Man in the Moon is a 1960 comedy film directed by Basil Dearden. The film stars Kenneth More and Shirley Anne Field.

Plot
William Blood (More) is a man who appears to be immune to all known diseases, and possesses extraordinary resistance to heat and cold – a fact he puts down to his carefree, single life, never committing to any woman, and never being worried by anything. He makes a living working for medical researchers who are trying to find cures for various diseases and conditions (notably the common cold and seasickness).

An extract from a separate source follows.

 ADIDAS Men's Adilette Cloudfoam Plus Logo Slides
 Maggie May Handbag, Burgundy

Blood is offered a job by Dr Davidson (Hordern) to become the passenger of a high altitude test flight, but the real job is to become the first man to land on the Moon. The truth is kept from him because of the extreme danger involved, and because he is regarded as expendable. He undertakes training with three other potential astronauts, including Leo (Gray), all expensively trained and more qualified for the job but without Blood's extraordinary resistances. Blood never really fits in with the others and, when a £100,000 reward is posted for the first man to land on the Moon, they seek to sabotage his chances and have one of their number selected instead.

When Blood meets and falls in love with an attractive stripper named Polly (Field), he begins to lose his immunity. Spurred by the news of the reward, he decides to continue his training so that he and Polly will be able to afford a new home when he returns. Leo becomes insanely jealous and tries to sabotage Blood's training, but he manages to survive the attempt. When the scientists realise that Leo is the saboteur they use a session in a sensory deprivation chamber to brainwash him into believing he is Blood's best friend. Later, when Polly falls into a river and is in danger of drowning, Leo saves her but allows Blood to take the credit.

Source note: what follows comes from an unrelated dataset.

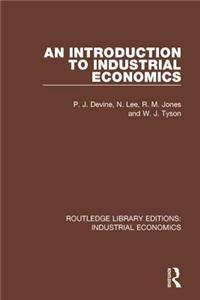 Introduction to Industrial Economics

Once their training is complete, the astronauts are flown to the Woomera rocket base and Blood takes part in what appears to be a completely successful launch. Three days later he steps out of his capsule onto what appears to be the moon's surface. While exploring he is startled by what appears to be an extraterrestrial being, and then spots a used baked beans can. His capsule had ejected from the rocket prematurely, landing him in the Australian outback only a few miles from Woomera, and the "alien" turns out to be a man prospecting for uranium.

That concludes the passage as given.